Segment Start: Source data

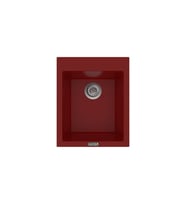 POLEX Cristalüx Granit Eviye P-05 Tezgah Altı Ve Tezgah Üstü Kare Mutfak Evyesi 41x51cm (Bordo)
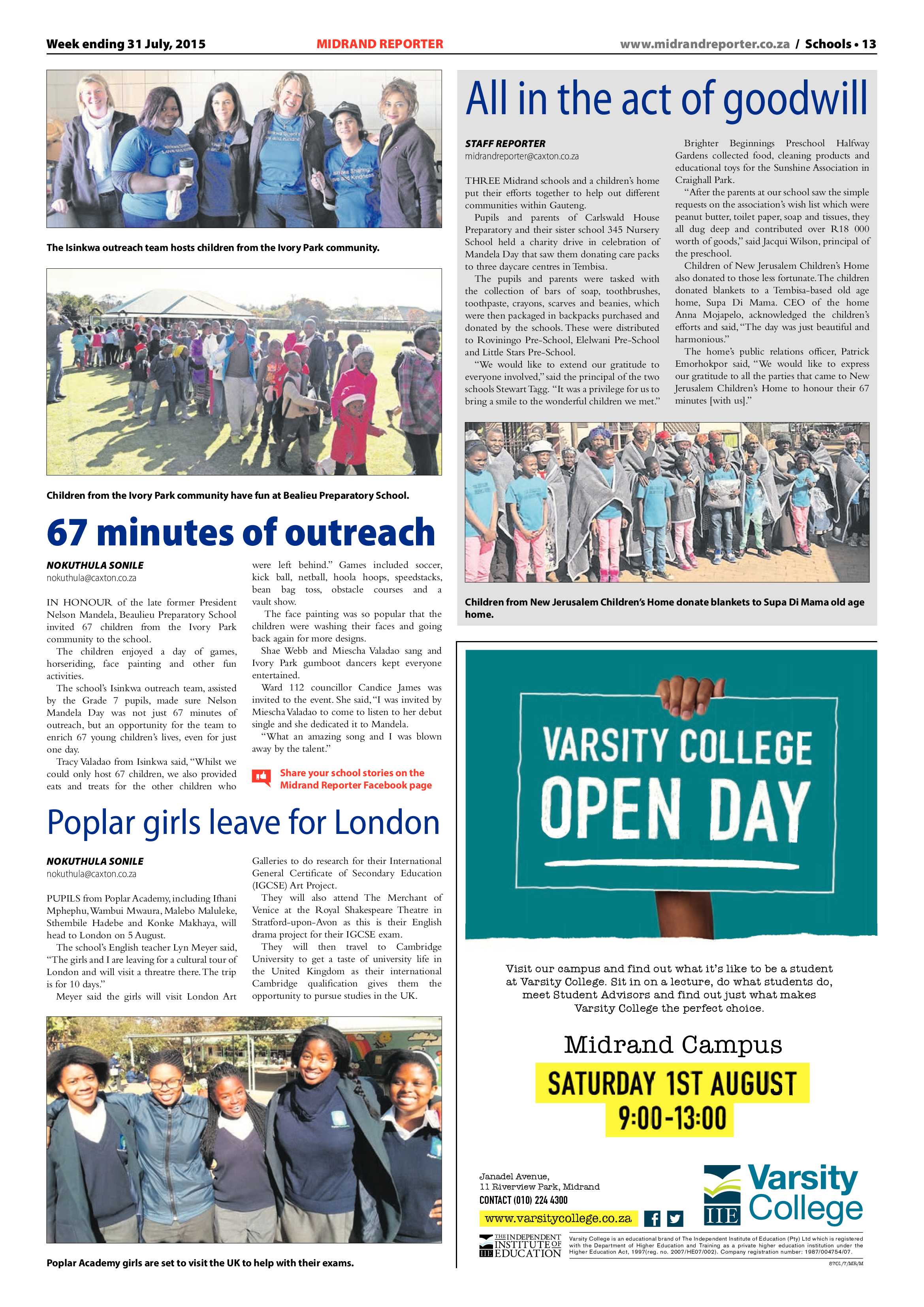 Midrand Reporter 31 July 2015 page 13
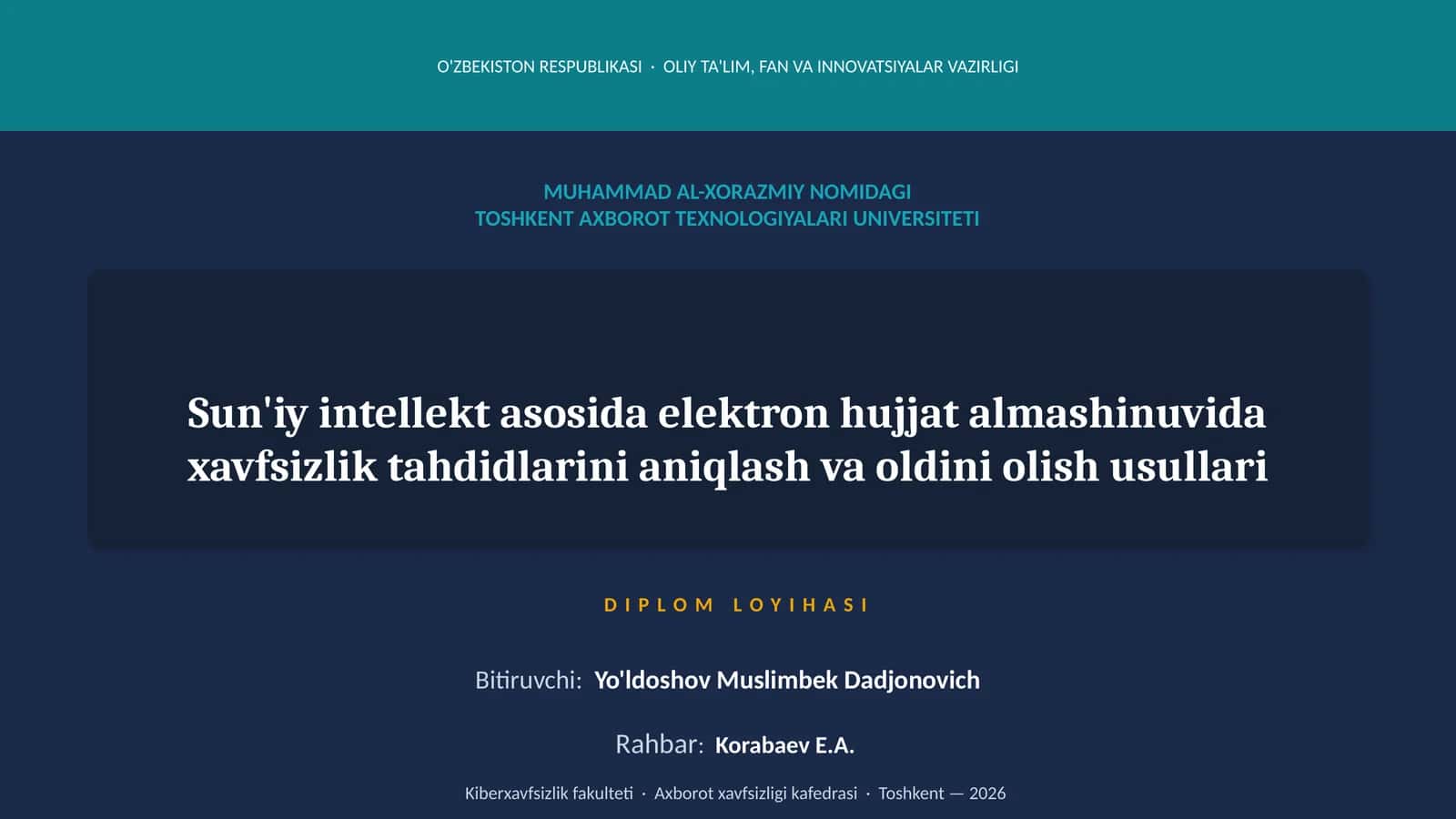 Sun'iy intellekt asosida elektron hujjat almashinuvida xavfsizlik tahdidlarini aniqlash va oldini olish usullari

Segment End: Source data

== Exercise requirements ==
Each line above should be written out again exactly, and no picture should appear in the copy.

== Solved problem ==
 POLEX Cristalüx Granit Eviye P-05 Tezgah Altı Ve Tezgah Üstü Kare Mutfak Evyesi 41x51cm (Bordo)
 Midrand Reporter 31 July 2015 page 13
 Sun'iy intellekt asosida elektron hujjat almashinuvida xavfsizlik tahdidlarini aniqlash va oldini olish usullari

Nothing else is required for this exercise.